Unlike x64, the ret instruction (or retab instruction when dealing with iOS PAC instructions, see below) simply moves lr into pc - it does not pop a value off the stack. Instead, lr is loaded (along with the pushed frame pointer, fp, a.k.a. x29) with the ldp instruction in a function epilogue:

ldp x29, x30, [sp, #0x40]
ldp x20, x19, [sp, #0x30]
ldp x22, x21, [sp, #0x20]
ldp x24, x23, [sp, #0x10]
add sp, sp, #0x50
retab
Note that ROP on iOS is dependent upon whether the application supports Pointer Authentication Codes (PAC). The arm64e architecture includes PAC instructions which protect against exploit strategies like ROP. In this case, instructions which push addresses also sign the pointer with a unique key. Instructions that load this data validate the signature, triggering an error if the validation fails. To bypass PAC we would need to forge signed pointers through the use of signing gadgets, which are frequently removed. Thankfully, this is not needed because PAC is only enabled for iOS native apps (Safari, iMessage, etc.) and not third-party apps like Signal. The shared cache is compiled for arm64e, however we can treat the PAC instructions as their non-PAC counterparts with a no-op for signing and validating.

To continue execution control we must search for gadgets prior to a ret/retab instruction and spoof the expected stack frame so that our next gadget address resides at sp + X - 8 (where X is the constant in add sp, sp, #X or ldp x29, x30, [sp] #X; 0x50 in the above example). This unfortunately means our ROP gadgets take up more space in a payload than the average x64 gadget. That said, they may provide control to a couple other registers; the gadget shown above allows us to control the values for x19-x24 in addition to fp and lr as we exit the frame. We leverage this a lot in our constructed chain, specifically controlling x19 and x20 because they are commonly used to set other registers. This is the primary gadget layout we’ll use in our payload.

Fig 7: Generic arm64 ROP gadget layout showing the spoofed stack frame, including the next gadget's address at an offset from `X - 8` from the current stack pointer where `X` is the stack frame size. Preceding the next's gadgets address are the pushed frame pointer, `fp`, pushed `x19`, pushed `x20`, pushed `x21` and pushed `x22`, in that order.
Fig 7: Generic arm64 ROP gadget layout showing the spoofed stack frame, including the next gadget's address at an offset from X - 8 from the current stack pointer (where X is the stack frame size).

Gadgets are unfortunately few and far between for manipulating certain registers, specifically x4 and x5. Another way of maintaining control is through blr gadgets, or blraaz (PAC instruction) gadgets in the shared cache.
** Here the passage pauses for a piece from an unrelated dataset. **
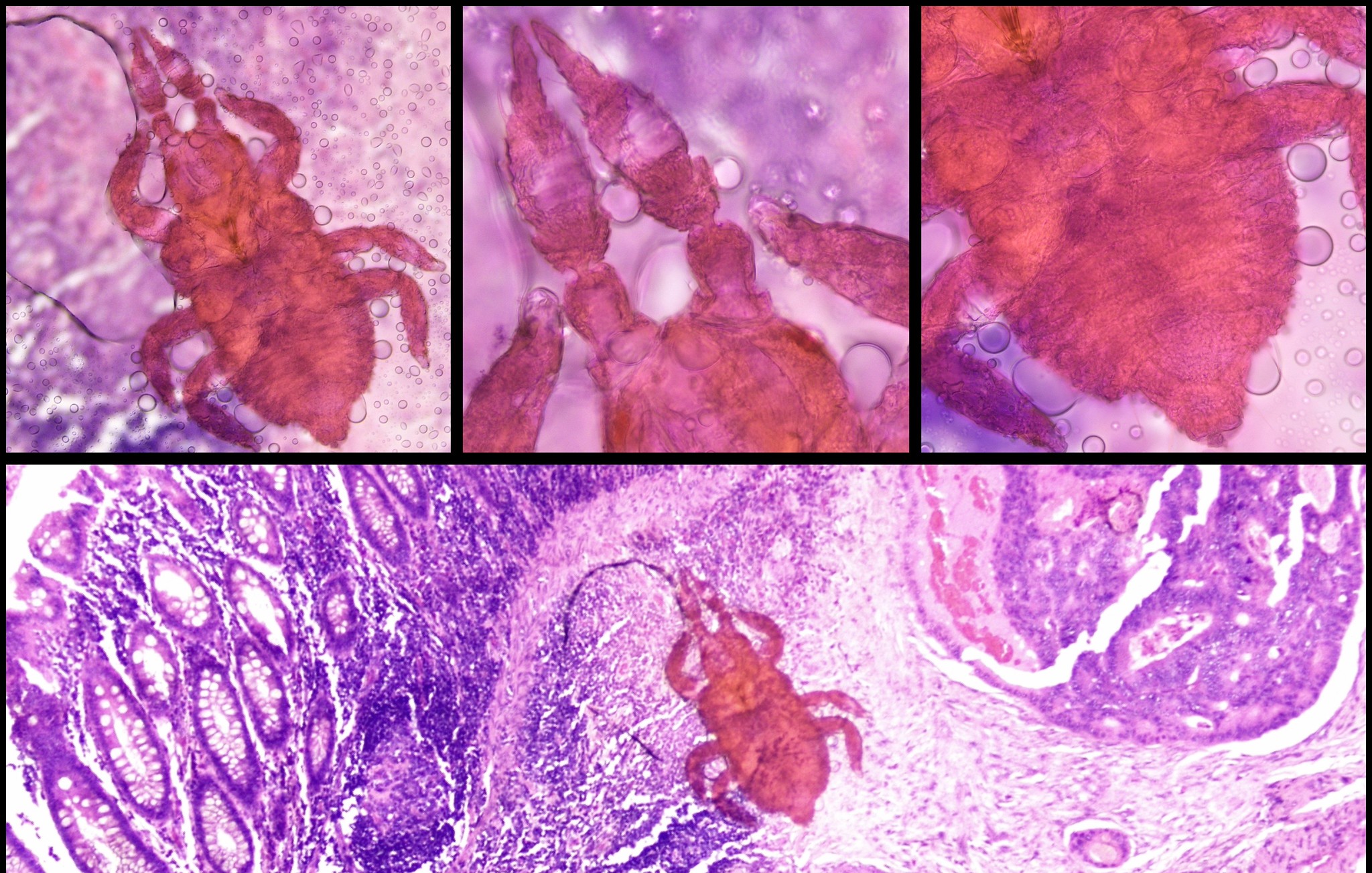 Small unknown insect on histological slide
This opens up more possibilities so long as we can control the register responsible for branching.

mov	x5, #0
ldr	x6, [sp]
blraaz	x6

The only consideration with these gadgets is that they do not adjust the stack, so the gadget jumped to must load the next lr from an offset that does not conflict with the blr gadget's ldr/ldp instructions. For the blraaz gadget above (gadget 0) followed by two generic ROP gadgets (gadget 1, 2), we have the following layout in our payload:

Fig 8: Branch and link ROP gadget layout, showing a transition from the `blraaz` gadget (gadget 0) which jumps to the address pointed to by the current `sp`. `sp` is not updated during the branch meaning the execution of the next gadget (gadget 1) loads the subsequent gadget (gadget 2) from an offset based on its (gadget 1's) stack frame size.
Fig 8: Branch and link ROP gadget layout, showing a transition from the blraaz gadget (gadget 0) which jumps to the address pointed to by the current sp. sp is not updated during the branch, meaning the execution of the next gadget (gadget 1) loads the subsequent gadget (gadget 2) from an offset based on its (gadget 1's) stack frame size.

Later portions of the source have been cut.